The Decadence Chronicle. Episode 17: Laura
Don’t you get the feeling, sometimes, that life is a series of cycles that one is meant to repeat? Places, moods, actions, people, fuckups. All this, an endless pattern of do and redo, make and break, ad infinitum. Some of these processes are less tangible than others. And some are obvious. Too obvious. Like in “Yup, I’ve been here before” kind of obvious. And some, well, who the fuck knows. I don’t have half the answer to this topic.

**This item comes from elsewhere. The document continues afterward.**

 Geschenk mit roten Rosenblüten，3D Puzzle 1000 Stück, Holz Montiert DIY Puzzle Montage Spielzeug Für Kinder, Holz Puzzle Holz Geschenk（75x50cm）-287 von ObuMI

Laura is a Venezuelan chronist and writer who I happened to “meet” on Tinder recently. I had written in my profile that I was visiting Santiago for just a couple of weeks, so I was only seeking something “brief and intense.” She provided me with that. And in what manner, I must add. Because the sex was secondary. It was good, sure; yet she was so much more. She was smart, funny, clever and interesting as fuck. She was passionate, powerful, honest. So I was afraid, of course. “Not the right time, not the right place.” Which should become my motto when it comes to romance.

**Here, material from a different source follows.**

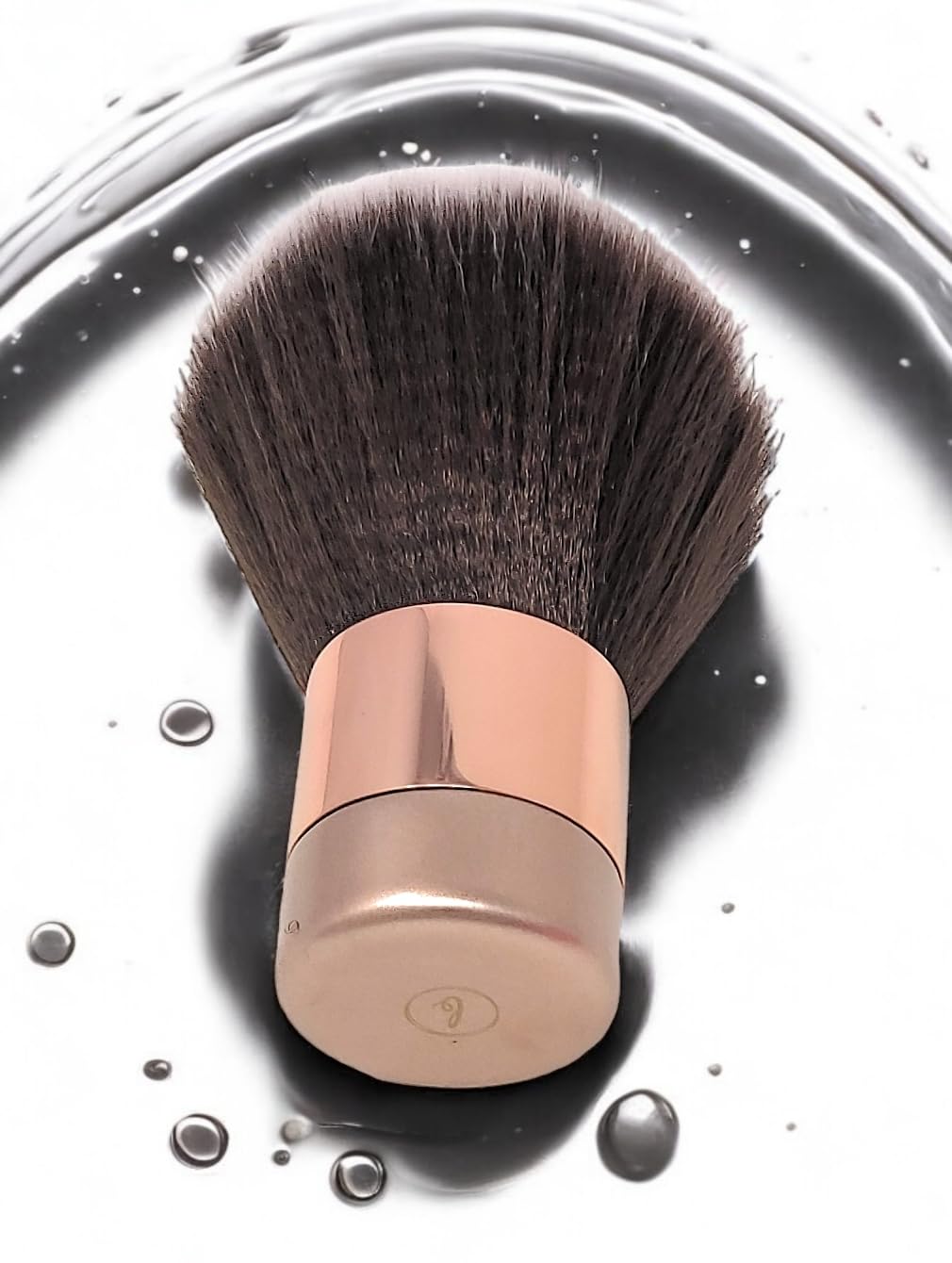 BevyGold Large Kabuki Brush - Soft Fluffy Powder Brush for Face & Body, Spray Tan Finishing Tool, Multipurpose Beauty & Barber Brush (Rose Gold) | Perfect for Makeup Application, Tanning & Professional Salon Use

Being with Laura was an intense experience, and certainly meant to be short. The longer it would have gone, the harder it would have been to leave. Not to mention that my ego was growing by the minute. She said she liked my blog, and she even bought my self-published ebook in Amazon. She was spoiling my egocentric side. Always keeping a distance, though.“Writers are dangerous,” she would say at all times. My ex would agree with that, I know for a fact.

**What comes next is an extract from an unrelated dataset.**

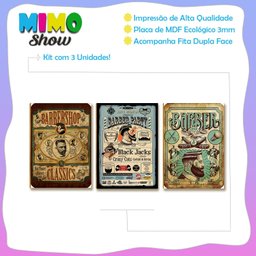 03 Placas Mdf Barbearia Tradicional Vintage Decorativa Br33 - 3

Laura granted me a pleasant time in my trip to Chile. She also brought me back to a time that now seems very distant. Another Laura’s time. A woman whom I fell in love with, but ended up fucking over. A more dramatic “Not the right time, not the right place” situation. What a fuckup.
A friend of mine has a very interesting tattoo. It says “Fail better.” A little googling around showed me the full quote, from Samuel Beckett: “Ever tried. Ever failed. No matter. Try Again. Fail again. Fail better.” Profound stuff, no doubt. So I can’t help to wonder: is it possible? If life keeps repeating itself, as it seems to do, can I fail better? Or, better yet; can I stop failing, altogether?